Branch Prediction Has a Capacity Limit, and You Can Measure It

The branch predictor is one of the most consequential performance subsystems in a modern CPU, and one of the least discussed outside of microarchitecture circles. Most developers know that branch mispredictions are expensive, roughly 15 to 20 cycles on modern x86, but fewer think carefully about what happens when your code simply has more branches than the predictor can track simultaneously.

Lemire’s recent post asks a direct question: how many branches can your CPU actually predict at once? The answer is a specific number, and it is measurable.

What the Branch Predictor Actually Stores

The branch predictor is not a single monolithic structure. It is a hierarchy of hardware tables, and each layer has a capacity that can be exhausted.

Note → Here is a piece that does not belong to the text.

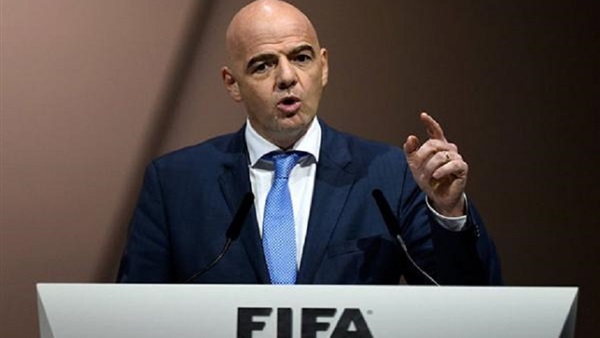 رئيس الفيفا يقترح إقامة كأس العالم بمشاركة 48 منتخبا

The Branch Target Buffer (BTB) stores mappings from branch instruction addresses to their likely targets. When the CPU fetches instructions, it consults the BTB before it even decodes whether the current instruction is a branch. If the BTB has no entry for the current program counter, the CPU either stalls waiting for the instruction to decode, or makes a default guess and pays a penalty when that guess is wrong.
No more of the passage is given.